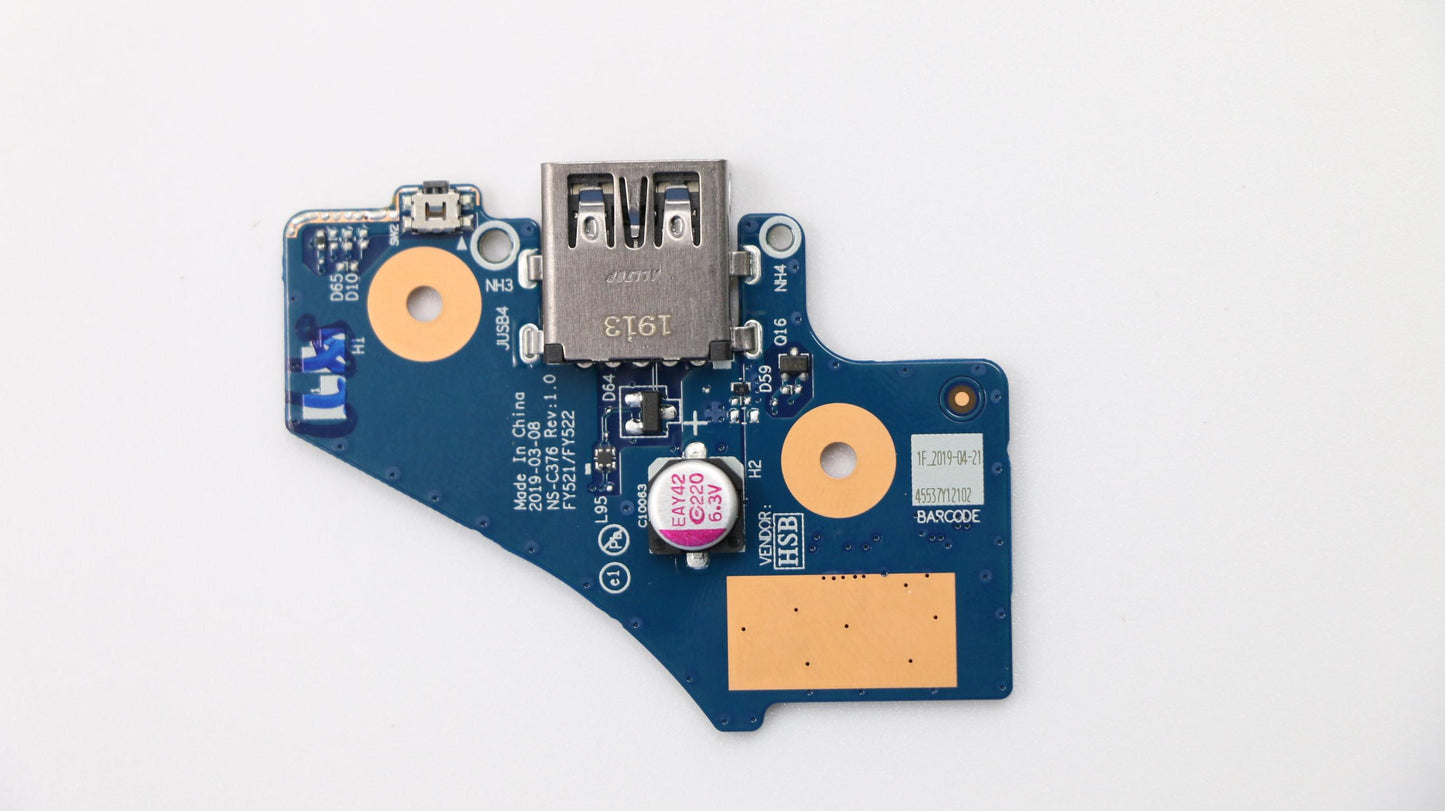 Lenovo Usb/B Nsc376 W/Ffc - 5C50S24944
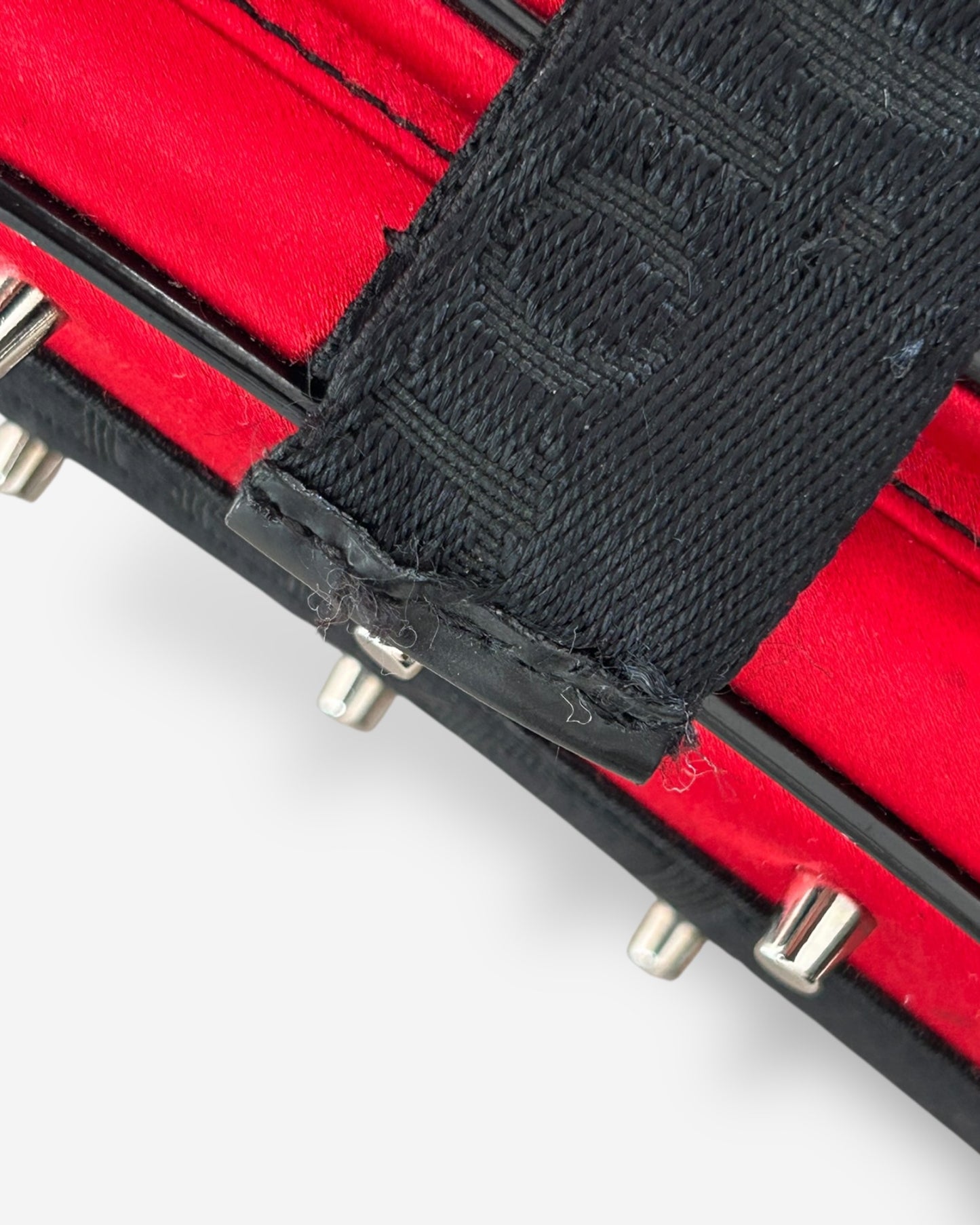 Dior Hardcore mini Rhinestone Chain Bag - John Galliano 2003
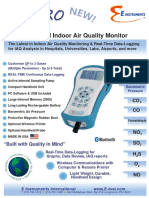 Aq Pro Aq Pro: Handheld Indoor Air Quality Monitor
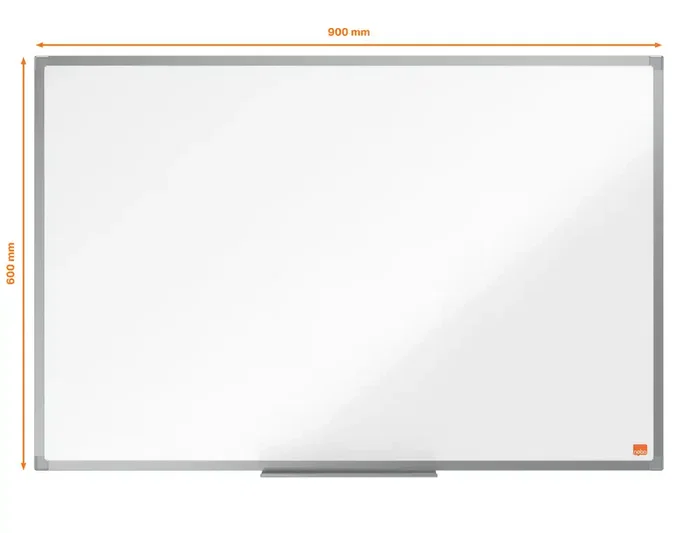 Nobo Essence Pizarra Blanca Acero Lacado Magnética 900x600 mm con Bandeja Nobo Essence Pizarra Blanca Acero Lacado Magnética 900x600 mm con Bandeja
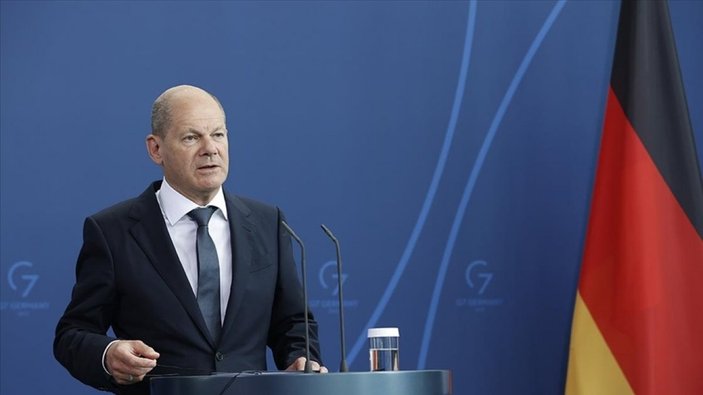 Almanya Başbakanı Olaf Sholz: Rusya bu savaşı kazanmamalı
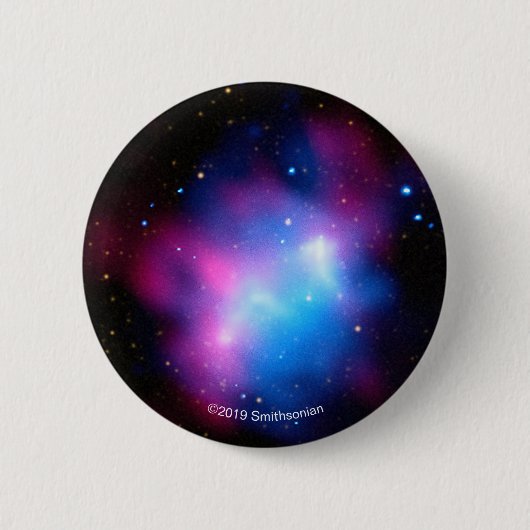 Abell 1758 ronde button 5,7 cm (Voorkant)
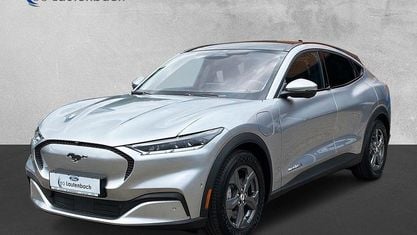 Używany Ford Mustang Mach-E Extended Range 216 kW (294 KM) 2021 Srebrny SUV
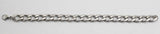 Men's Stainless Steel Link Chain Bracelet Silver Bangle Jewelry
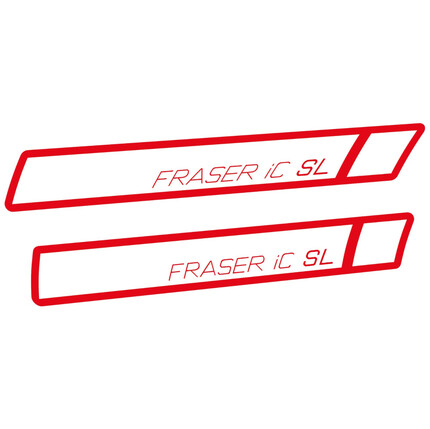 Pegatinas para Manillar Syncros Fraser IC SL en vinilo adhesivo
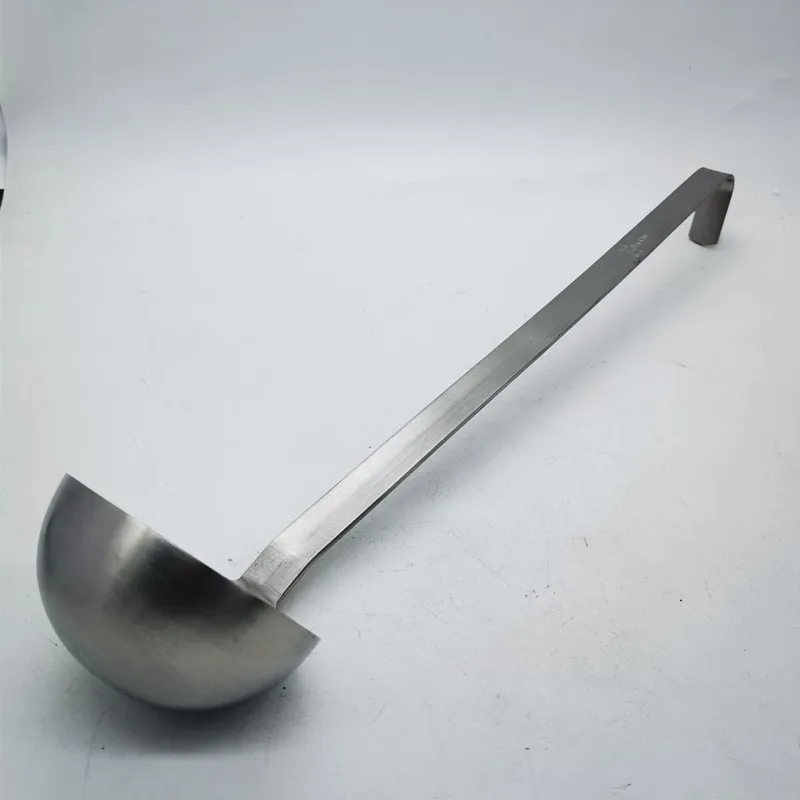 High Quality Stainless Steel Soup Ladle Long Handle Ladle Sauce Ladle Kitchen Utensils for for Home&Restaurant
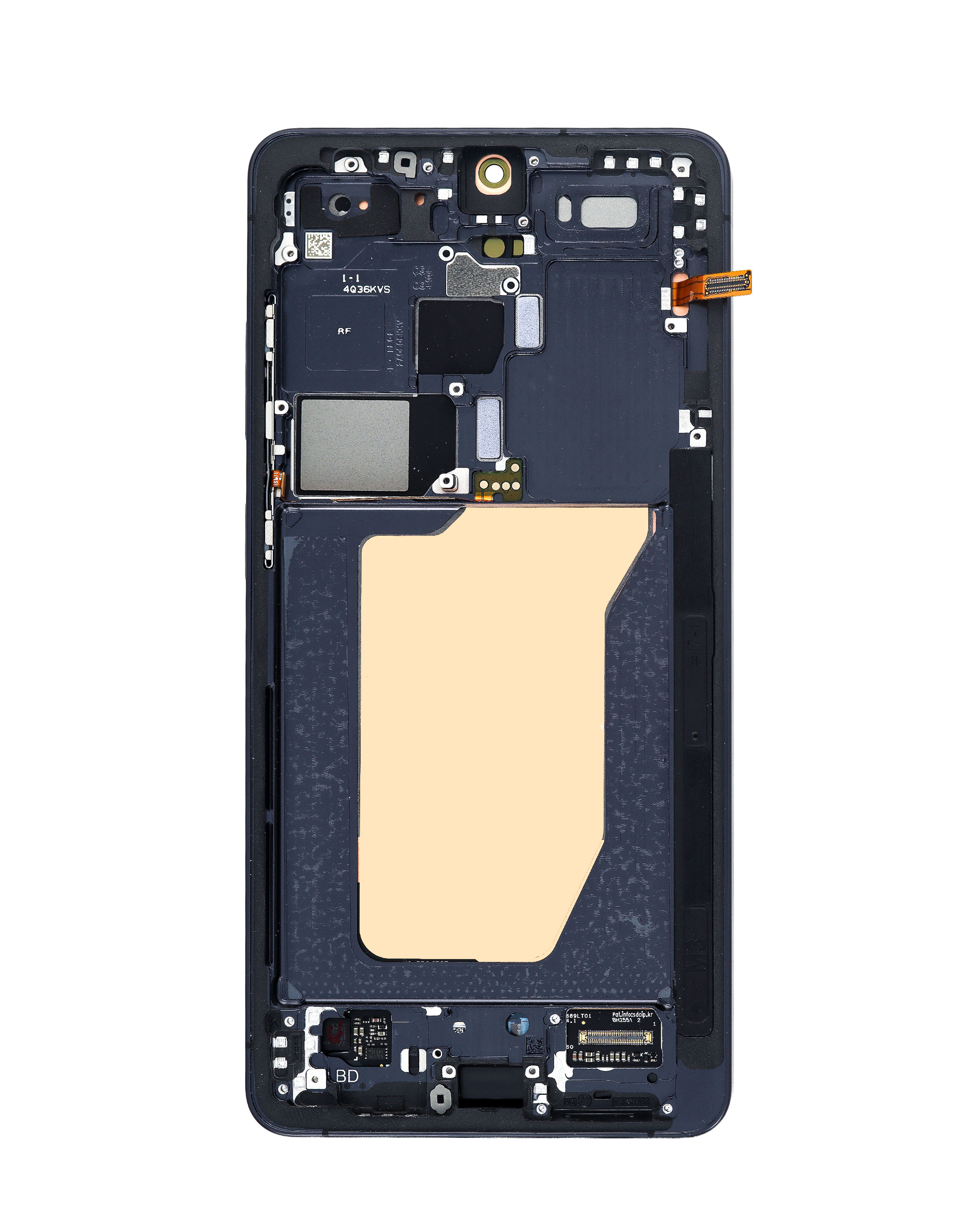 Samsung Galaxy S26 Ultra 5G - OLED Assembly With Frame (120Hz) (Black) 37125 - image 2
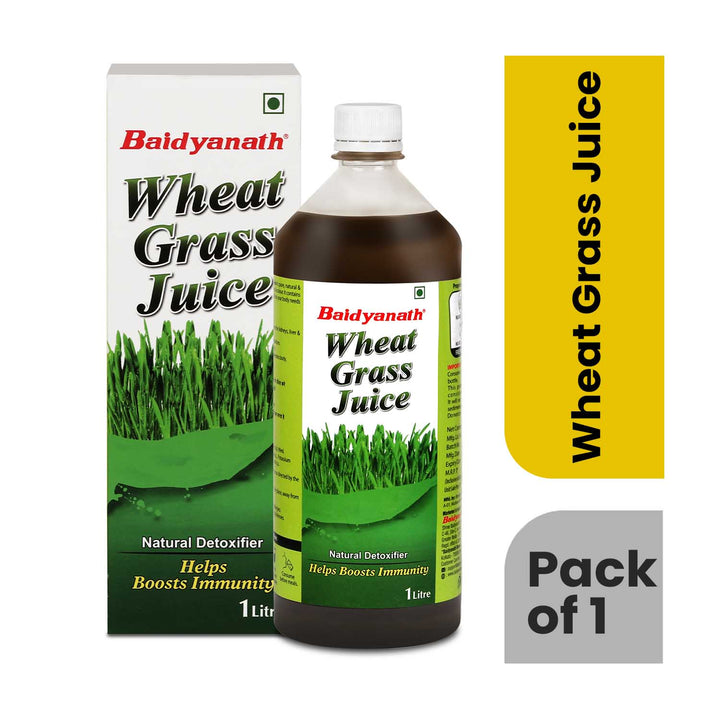 Baidyanath wheat grass juice pack of 1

▶ _Task description_: Everything between and including the line above containing "Men's Stainless Steel" and the line containing "Samsung Galaxy S26" should be reproduced exactly, with pictures excluded.

▶ _Solution to this problem_:
 Men's Stainless Steel Link Chain Bracelet Silver Bangle Jewelry
 Pegatinas para Manillar Syncros Fraser IC SL en vinilo adhesivo
 High Quality Stainless Steel Soup Ladle Long Handle Ladle Sauce Ladle Kitchen Utensils for for Home&Restaurant
 Samsung Galaxy S26 Ultra 5G - OLED Assembly With Frame (120Hz) (Black) 37125 - image 2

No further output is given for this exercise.